For all $n\in\mathbb{N}$, let $a_n$ denote the number of strings of length $n$ over $\{1,2,3,4\}$ in which all of the even digits appear before the odd digits, and digit 1 appears exactly once.
Compute: $a_4$ and $a_{2015}$
Hey everyone. I've tried thinking about small cases, for example when $n=3$. In that case $a_3=11$. I thought about solving it using a recurrence relation but I don't know how to compose it.
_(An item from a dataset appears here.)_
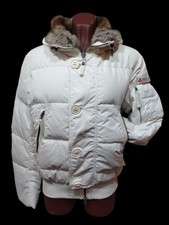 PEUTEREY Piumino Bomber Collo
I tried defining $b_n$- number of strings of length $n$ as required that end with a 3. $c_n$- number of strings of length $n$ as required that end with 1. $d_n$- number of strings of length $n$ as required, without any odd digits, and so $a_n=b_n+c_n+d_n$... But I don't think this is the right way. I would love to get some help on that question. Thanks in advance :)
Edit: could it be solved using the binomial theorem?
I am not sure if I interpreted the question right (correct me if I'm wrong), but for $n=3$ I have $a_3 = 11$.
Using a different approach, given a string of length $n$. Since there are 2 even digits, there are $2^k$ ways to arrange the first $k$ letters of the string (where $k=0,...,n-1$, since each string has a single $1$-digit).
For the odd string section (where we now have $n-k$ letters left to fill in), there are $(n-k)$ ways to do this, since we can select one position out of $n-k$ unfilled letters to be the $1$-digit, and then fill the rest to be the digit $3$.
Thus, we have: $$a_n = \sum_{k=0}^{n-1} 2^k (n-k)$$
Using the Geometric sum formula (and differentiating the formula to find the closed form of $\sum {k2^k}$) we have: $$a_n = 2^{n+1} - (n+2)$$
So we have $a_4 = 26$ and $a_{2015} = 2^{2016} - 2017$.
To find a possible recurrence relation (which I don't have a interpretation for right now), we can use generating functions, where if we let $A(x) = \sum_{n\geq 0} a_n x^n$ we have:
$$\begin{align} A(x) &= \frac{2}{1-2x} - \frac{x}{(1-x)^2} - \frac{2}{1-x} \\ &= \frac{x}{(1-x)^2 (1-2x)} \end{align}$$
If we log both sides, differentiate and then multiply both sides by $x$, we have: $$\frac{x A'(x)}{A(x)} = \frac{\sum_{n\geq 0} n a_n x^n}{\sum_{n\geq 0} a_n x^n} = 1 + \frac{2}{1-2x} + \frac{2}{1-x}$$ $$\sum_{n\geq 0} n a_n x^n = \left(1 + \frac{2}{1-2x} + \frac{2}{1-x}\right) \sum_{n\geq 0} a_n x^n \tag{1}$$
Equating the coefficients on both sides of $(1)$ we have the recurrence: $$a_n = \frac{2}{n-1} \sum_{k=1}^{n-1} (2^{k-1} + 1)a_{n-k}$$ Where we take $a_1 =1$ and $a_0 = 0$.